The burgeoning event was deemed a success on all accounts. The affair saw nearly 450 attendees — a boost of double that of the previous year’s inaugural UC Global Health Day. In addition, the UC Global Health Day represented the feats of an unprecedented partnership between the UC Global Health Institute, the UC Berkeley Center for Global Public Health and the UC Berkeley Bixby Center for Population, Health and Sustainability in collaboration with the Northern California International Health Interest Group.

It was through the sponsorship of such facilities that the event was able to present its two keynote speakers, Sir John E. Sulston and Dr. Eliya Msiyaphazi Zulu. The former, a Nobel Laureate and chair of the UK Royal Society Working Group on the People and the Planet project delivered an address mentioning the large backlash the subject of population growth conjures.

As if in reference to current political tensions surrounding the topics of contraception, Professor Malcolm Potts, director and founder of the UC Berkeley Bixby Center for Population, Health and Sustainability, quoted Sulston’s writing detailing the necessity of governmental and academic convergence.

“Scientists have to join politicians in deciding the kind of world we want to live in,” Potts said.

Dr. Zulu, director of the African Institute for Development Policy, spoke on the consequences of high fertility and population, focusing on their repercussions for Africa. Professor Ndola Prata, scientific director for the Bixby Center for Population, Health and Sustainability and medical director for Venture Strategies Innovations, similarly underscored the ramifications of limited or non-accessible family planning.

Startling statistics were highlighted, such as the yearly 75 million unintended pregnancies, the 215 million women with an unmet need for contraception and the annual 21.6 million unsafe abortions — all of which could be reduced with the provision of family planning.

The day, beginning with check-in at 8:30 a.m. and culminating with the end of smaller “breakout sessions” focused on specified global health issues around 5 p.m., provided an array of panelists and speakers all with backgrounds in the global health arena. Potts commenced the proceedings with an introduction touting global health’s over-arching significance to the international community.

“An individual cannot be healthy if they live in an unhealthy world and much of our world is extremely sick,” Potts said.

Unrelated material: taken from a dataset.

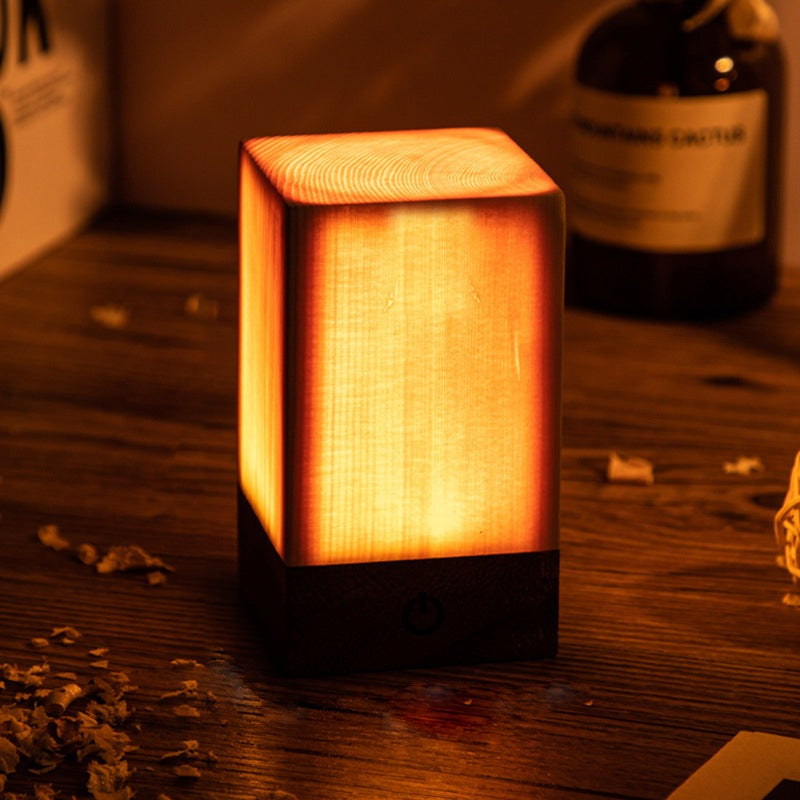Cordless Wood Table Lamp — Solid Pine LED Lamp, Rechargeable Touch Dimmer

Among those in attendance were a conglomeration of UC students interested in all aspects of global health from learning more on the subject to pursuing graduate studies and careers in the field. Roxanne Winston, a UC Berkeley graduate and current campus campaign organizer with Universities Allied for Essential Medicine expressed her anticipation for speakers to touch on possible means for UC campuses to address global health problems.

“I hope the conference will focus more on some larger global health issues that we within the university will have the ability to impact,” Winston said.  “Such as addressing the prevalence of neglected diseases and ensuring access to the medical technologies that can vastly improve quality of life in low and middle income countries.”

At the end of the day UCSF Program Manager of Global Health Sciences and chief organizer of the event — beginning with preparations as early as summer – Catherin Lee, discussed her pleasure with the entire affair.

“Our point of pride,” Lee said, “is the fact that we’ve been able to reach out to people at every single UC campus at all the different levels in the education hierarchy.”